Bruno Alomar :  Permettez-moi de dire une évidence : personne ne le sait. Qui aurait pu prévoir qu'au cours des 10 dernières années, les élites dirigeantes allemandes renonceraient à tous les dogmes monétaires et accepteraient que la BCE, contre la lettre et l'esprit des traités, se lance dans une politique monétaire aussi accommodante ? Personne ! Et surtout pas au prix de la renaissance en Allemagne d'une extrême droite (AFD) dont l'on oublie trop qu'elle est d'abord une réaction à l'abandon par la BCE de ce que les allemands considèrent comme le "sérieux" monétaire. C'est dire que la politique étant l'art du possible, il est très difficile de faire des prédictions.  
Il me semble en revanche qu'il y a plusieurs questions à se poser. 
Première question : la remontée de l'inflation en Europe, et notamment en Allemagne, va-t-elle pousser les élites allemandes dans leurs contradictions et les forcer, enfin, à mettre les pays du Sud, à commencer par la France, devant leurs responsabilités économiques ? Je ne le crois pas. Je pense que nous regardons l'Allemagne avec l'idée que l'herbe étant plus verte qu'ailleurs, les élites dirigeantes finiront pas exercer une pression sur la France. Or, en réalité, en fait d'élites allemandes, elles sont aussi médiocres et pusillanimes que les élites dirigeantes françaises. Ce n'est pas elles qui mettront la France et les pays du Sud face à leur médiocrité budgétaire et financière : ce sont les marchés. La question est quand ?  
Deuxième question : le dogme atlantiste allemand va-t-il céder à la réalité d'une relation transatlantique abîmée par la compréhension américaine que le sort du monde se jouera dans le Pacifique ? Là encore, contrairement à ce semble croire Emmanuel Macron, les allemands, me semble-t-il, n'ont pas de vision du monde de "rechange" par rapport à ce qu'ils ont toujours fait dans le domaine diplomatique et militaire : l'alignement sur Washington.
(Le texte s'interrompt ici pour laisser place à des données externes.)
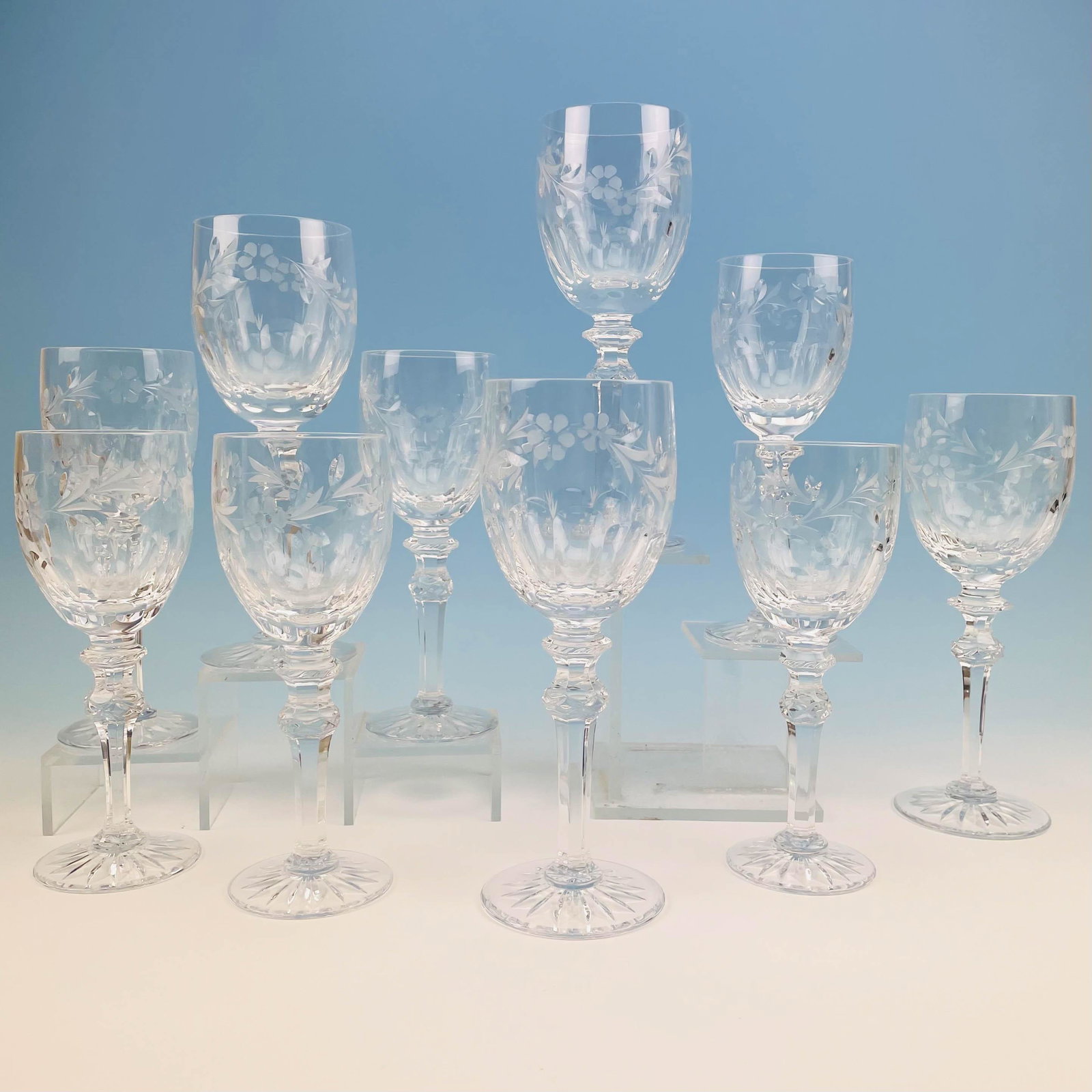 Rogaska Country Garden Goblet & Wine Glass LOT: Miller Rogaska Country Garden goblet and wine glass ten piece lot. Features (4) clear crystal with etched flowers and leafs Country Garden pattern water goblet (6) clear crystal with etched flowers an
Ce n'est d'ailleurs pas nécessairement condamnable. Personne de sérieux ne pense que la France, si mal gérée, a quelque chose de convaincant à proposer en la matière. Ceci explique notamment le hiatus - terrible et incompris par nos militaires - entre une armée française de très haut niveau, et la perception négative qu'en ont les Etats membres.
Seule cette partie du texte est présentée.